"Penyidik polisi saat membuat BAP memiliki kewenangan mandiri. Walau demikian kemandirian itu tunduk pada petunjuk jaksa. Jadi bila terjadi hal-hal seperti ini maka tidak hanya penyidik yang bertanggung jawab, namun juga jaksa penuntut umum," kata komisioner Kompolnas M Nasser, dalam pesan singkat yang diterima detikcom, Sabtu (22/2/2014).
Menurut Nasser, rekayasa kasus tidaklah bisa dilihat sebagai kasus perkasus yang berdiri sendiri. Ke depan harus bisa menjadi bagian dari evaluasi umum atas sistim peradilan pidana di Indonesia.
"Hal yang menarik ini menjadi perhatian Kompolnas," ujarnya.

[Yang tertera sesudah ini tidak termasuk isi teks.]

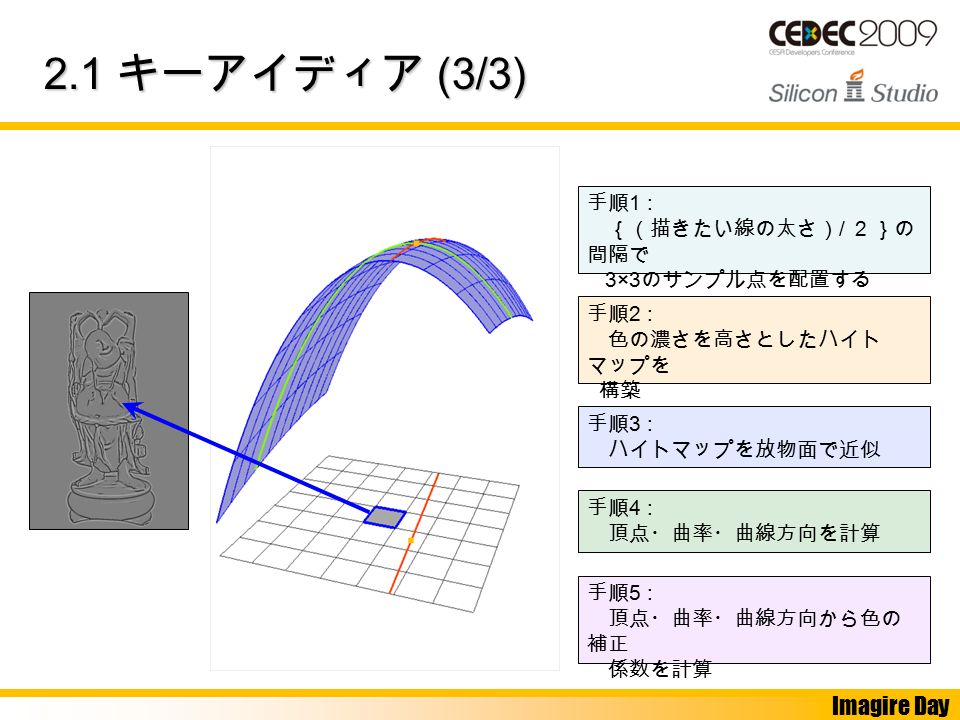 Imagire Day 2.1 キーアイディア (3/3) 手順 1 : ｛（描きたい線の太さ） / 2 ｝の 間隔で 3×3 のサンプル点を配置する 手順 2 : 色の濃さを高さとしたハイト マップを 構築 手順 3 : ハイトマップを放物面で近似 手順 4 : 頂点・曲率・曲線方向を計算 手順 5 : 頂点・曲率・曲線方向から色の 補正 係数を計算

Nasser menjelaskan apa yang harus dilakukan agar kasus rekayasa tidak terus terulang. Salah satunya adalah profesionalisme yang harus ditingkatkan dari seorang penyidik.
"Tingkatkan profesionalisme penyidikan dan penuntutan. Lakukan pelatihan secara terus menerus, pendidikan penjurusan diasah, buat instrumen evaluasi kemampuan penanganan kasus secara matriks dan komprehensif," jelasnya.
Contoh rekayasa kasus yaitu pada kasus Suardi yang disiksa oleh polisi untuk mengakui terlibat dalam kasus pencurian sepeda motor di Kampung Gunung Batin Udik, Kecamatan Terusannunyai, Lampung Tengah.Akibat disiksa, Suardi yang hanya berijazah SMP pun mengakui dan membuka kebenaran di pengadilan. Akhirnya Suardi dibebaskan baik oleh Pengadilan Negeri (PN) Gunungsugih maupun MA.
"Beri sanksi pada penyidik dan penuntut umum yang ternyata di pengadilan perkara mereka dibebaskan hakim. Sanksi harus mendidik dan berorientasi pada perbaikan kualitas SDM. Yang dievaluasi tidak saja kinerjanya tetapi juga integritasnya," lanjut Nasser.